§ **Listed records**
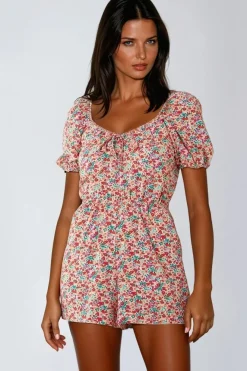 Pink Floral Sweetheart Neckline Playsuit by Aftershock London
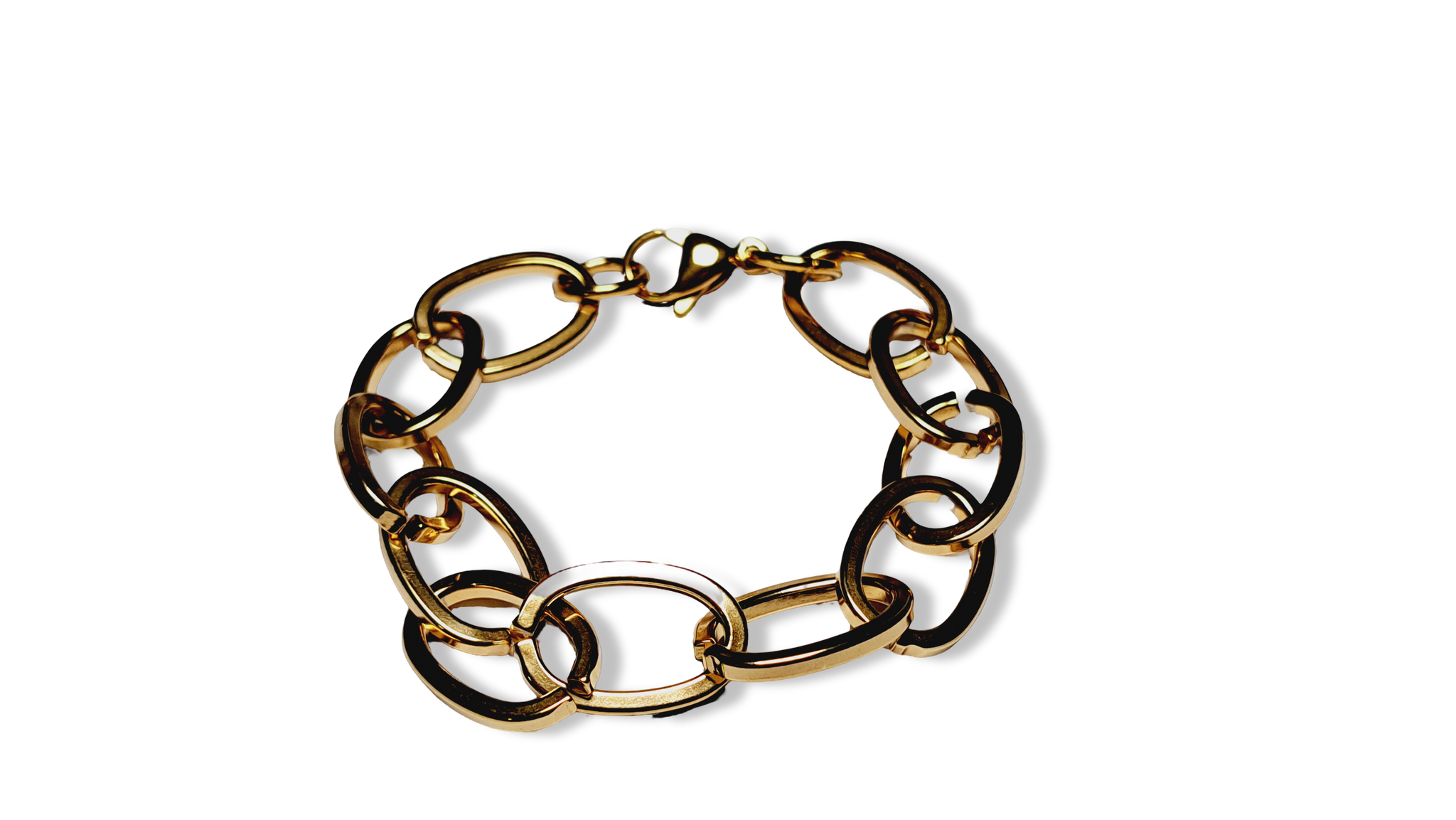 PULSERA ACERO ESLABONES DORADO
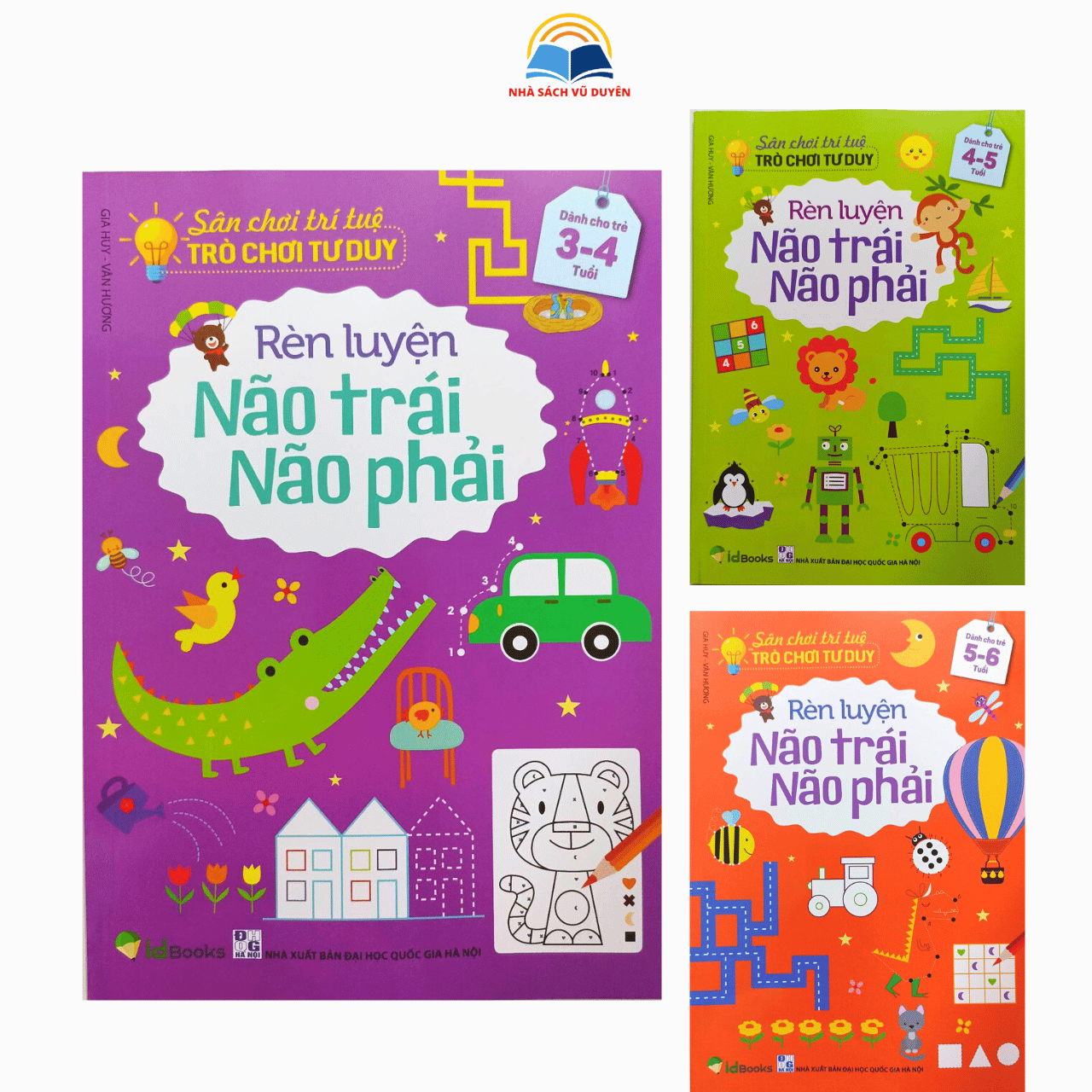Sách - Bộ 3 Cuốn Sân Chơi Trí Tuệ - Trò Chơi Tư Duy Rèn Luyện Não Trái Não Phải - Dành cho trẻ từ 3-6 tuổi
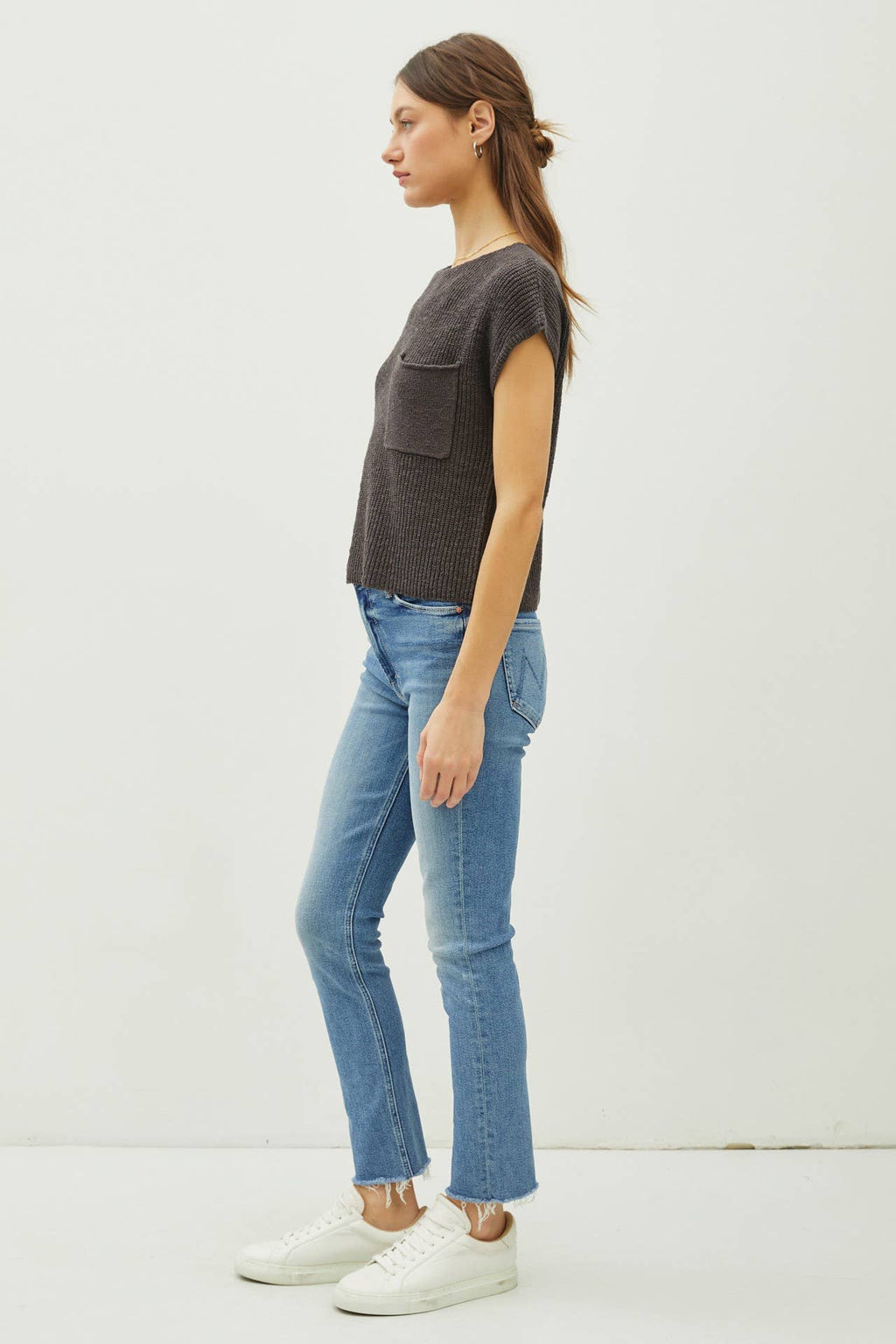 PATCH POCKET DOLMAN CAP SLEEVE BOXY KNIT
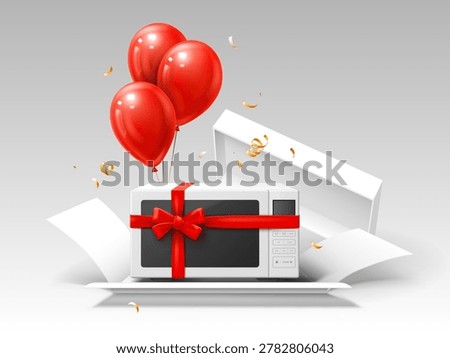 Microwave oven gift. Realistic gift box present red ribbon bow, open wrapping surprise kitchen electric home appliance store sale discount offer isolated garish vector illustration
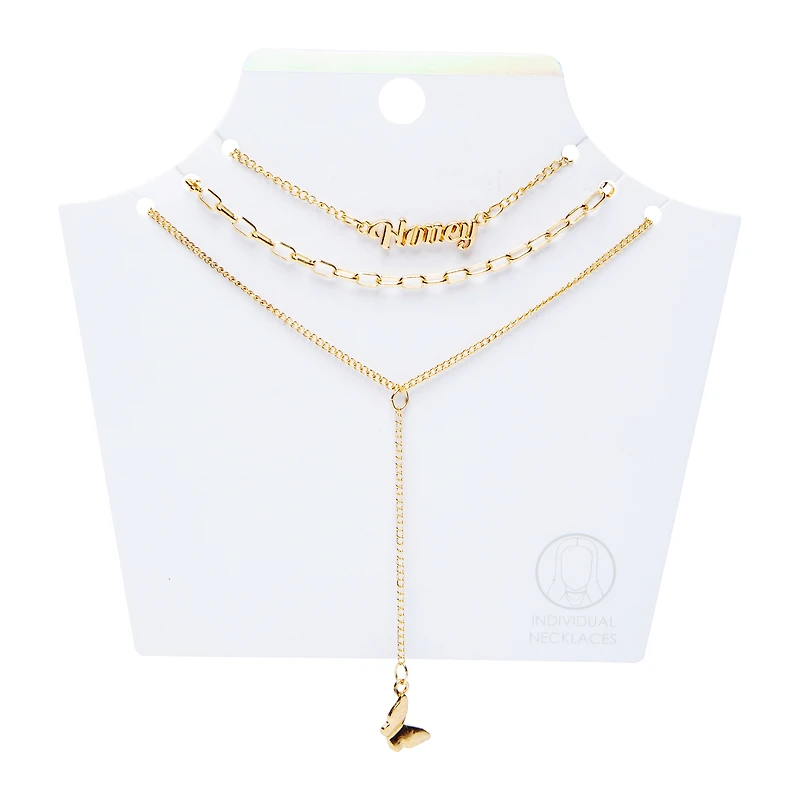 gold honey/butterfly layer necklaces 3-piece set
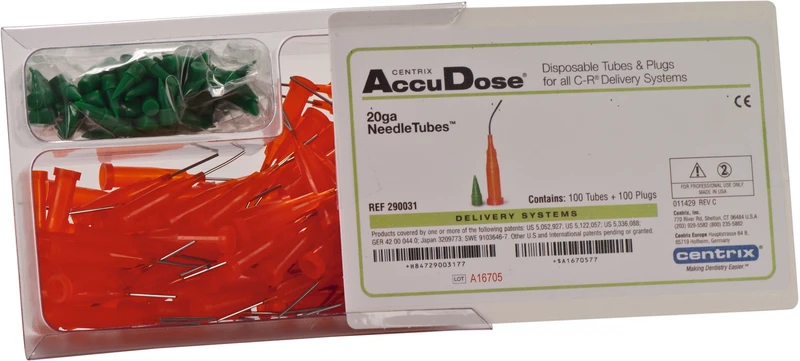 AccuDose®  Packung  100 Kanülen, 100 Stopfen 20ga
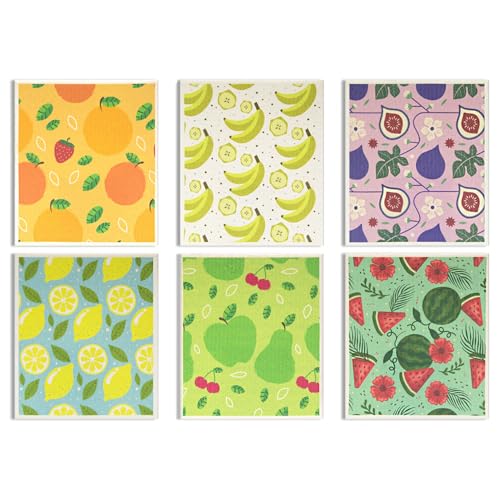 6 - Pack Swedish Kitchen Dish Cloths - Reusable Paper Towels for Counters & Dishes - Eco Friendly Cellulose Sponge Cloth (Fruits) - color: F-fruits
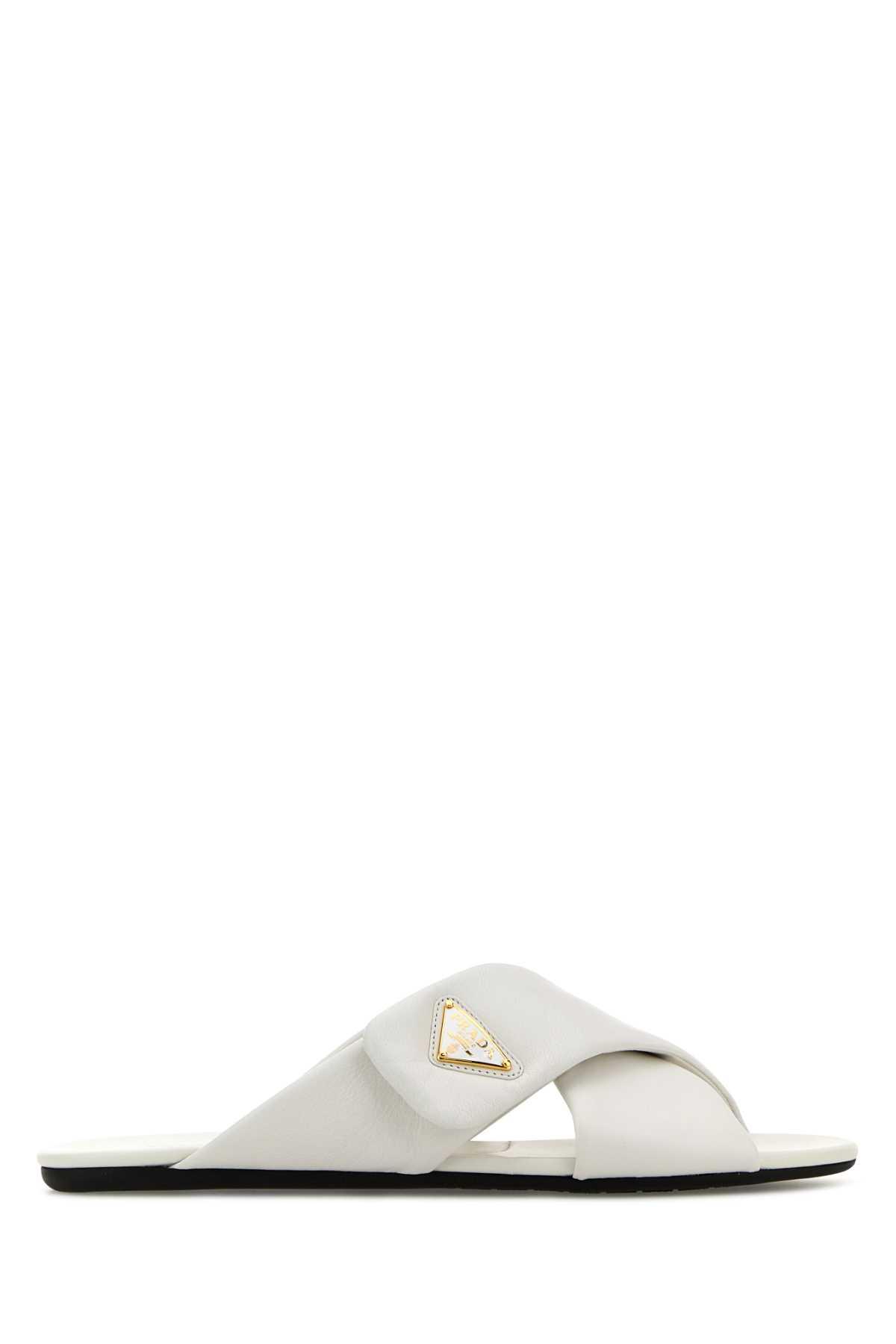 prada white nappa leather slippers
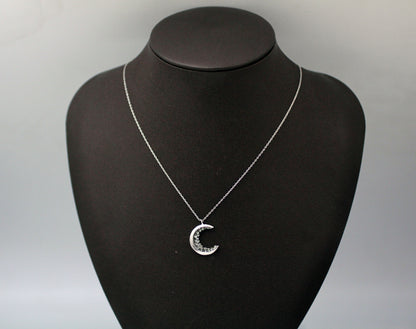 Crescent moon pendant Necklace detailed with Black Diamond Crystals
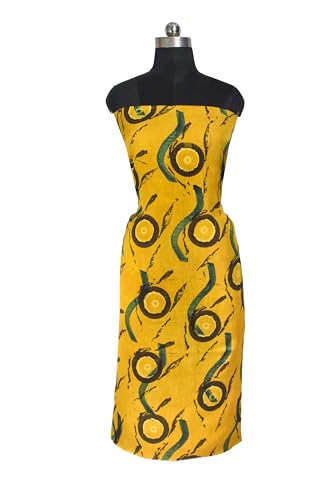 Image of Ethnics of Kutch Womens's Ajrakh Modal Silk Natural Dye Hand Block Print Unstitched Kurta Fabric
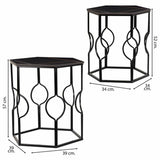 Set of 2 tables Alexandra House Living Black Iron MDF Wood 39 x 57 x 39 cm-5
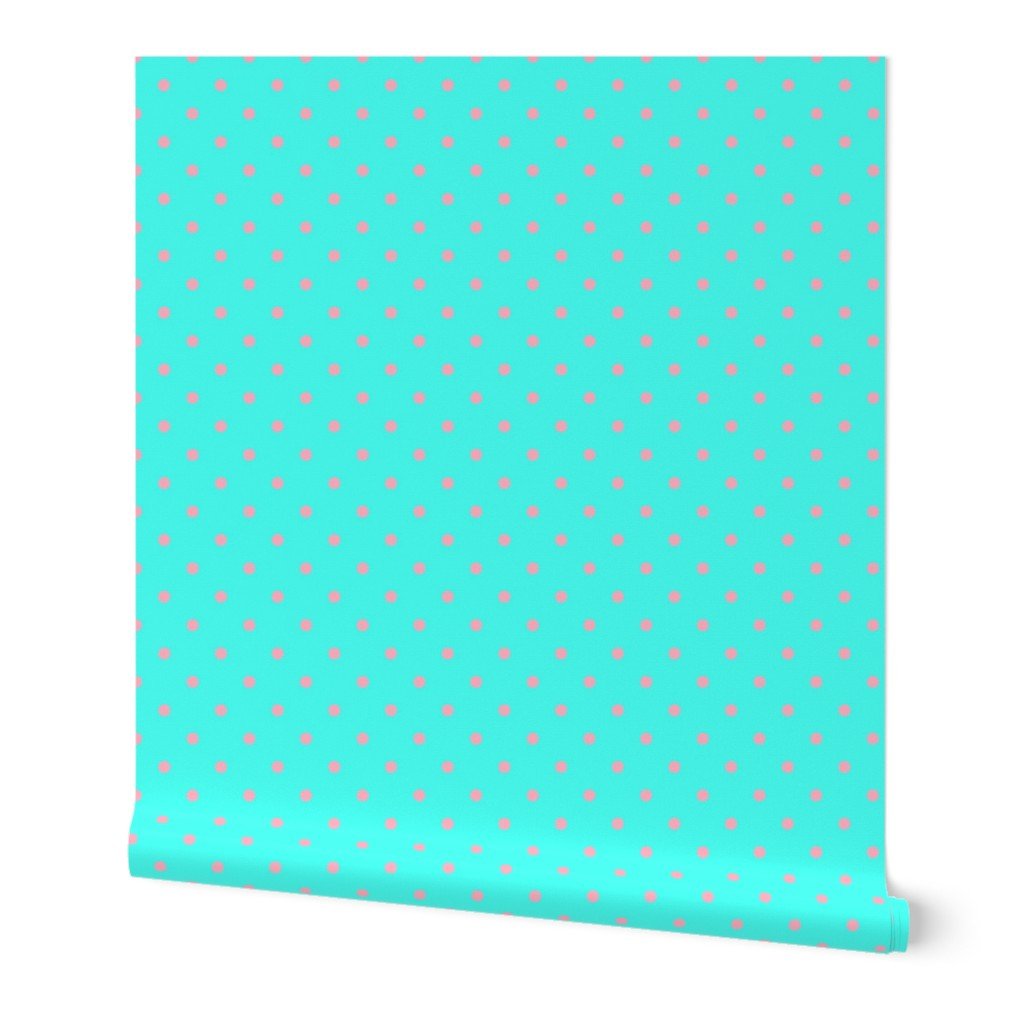 Small Polka Dots in Palm Beach Pink and on South Beach Aqua Blue Wallpaper Small Polka Dots in Palm Beach Pink and on South Beach Aqua Blue Wallpaper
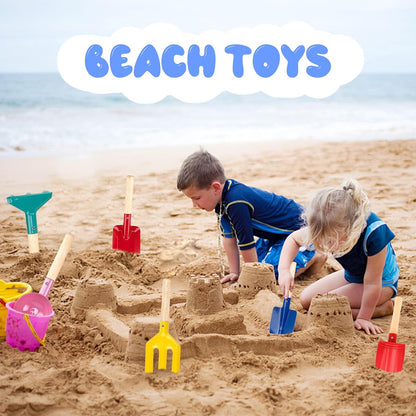 Beach Toys, 5 Pcs Kids Garden Tools, 8'' Children Beach Sand Toys Gardening Set with Sturdy Wooden Handle, Safe Kids Metal Beach Shovel with Spoon, Fork, Rake, Flat Shovel & Pointed Shovel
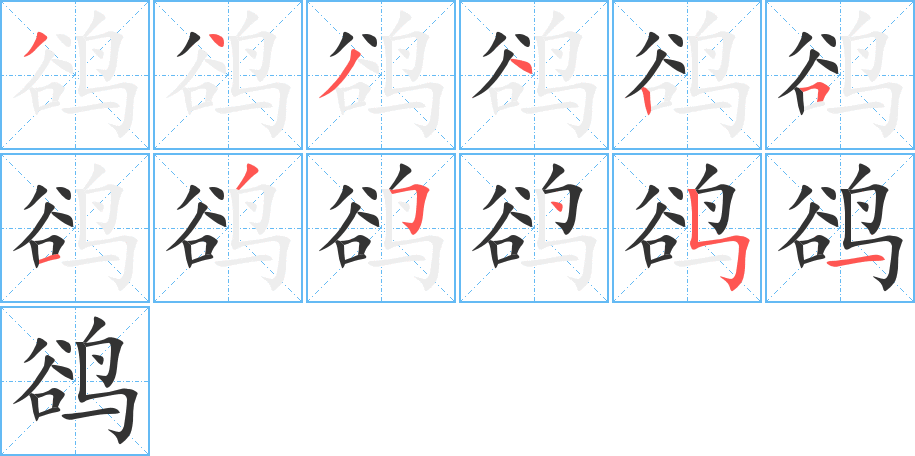 鹆的笔顺写法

§ **Goal of the exercise**
Write every line above out again exactly; pictures do not belong in the copy.

§ **Answer for the task**
 Pink Floral Sweetheart Neckline Playsuit by Aftershock London
 PULSERA ACERO ESLABONES DORADO
Sách - Bộ 3 Cuốn Sân Chơi Trí Tuệ - Trò Chơi Tư Duy Rèn Luyện Não Trái Não Phải - Dành cho trẻ từ 3-6 tuổi
 PATCH POCKET DOLMAN CAP SLEEVE BOXY KNIT
 Microwave oven gift. Realistic gift box present red ribbon bow, open wrapping surprise kitchen electric home appliance store sale discount offer isolated garish vector illustration
 gold honey/butterfly layer necklaces 3-piece set
 AccuDose®  Packung  100 Kanülen, 100 Stopfen 20ga
 6 - Pack Swedish Kitchen Dish Cloths - Reusable Paper Towels for Counters & Dishes - Eco Friendly Cellulose Sponge Cloth (Fruits) - color: F-fruits
 prada white nappa leather slippers
 Crescent moon pendant Necklace detailed with Black Diamond Crystals
 Image of Ethnics of Kutch Womens's Ajrakh Modal Silk Natural Dye Hand Block Print Unstitched Kurta Fabric
 Set of 2 tables Alexandra House Living Black Iron MDF Wood 39 x 57 x 39 cm-5
 Small Polka Dots in Palm Beach Pink and on South Beach Aqua Blue Wallpaper Small Polka Dots in Palm Beach Pink and on South Beach Aqua Blue Wallpaper
 Beach Toys, 5 Pcs Kids Garden Tools, 8'' Children Beach Sand Toys Gardening Set with Sturdy Wooden Handle, Safe Kids Metal Beach Shovel with Spoon, Fork, Rake, Flat Shovel & Pointed Shovel
 鹆的笔顺写法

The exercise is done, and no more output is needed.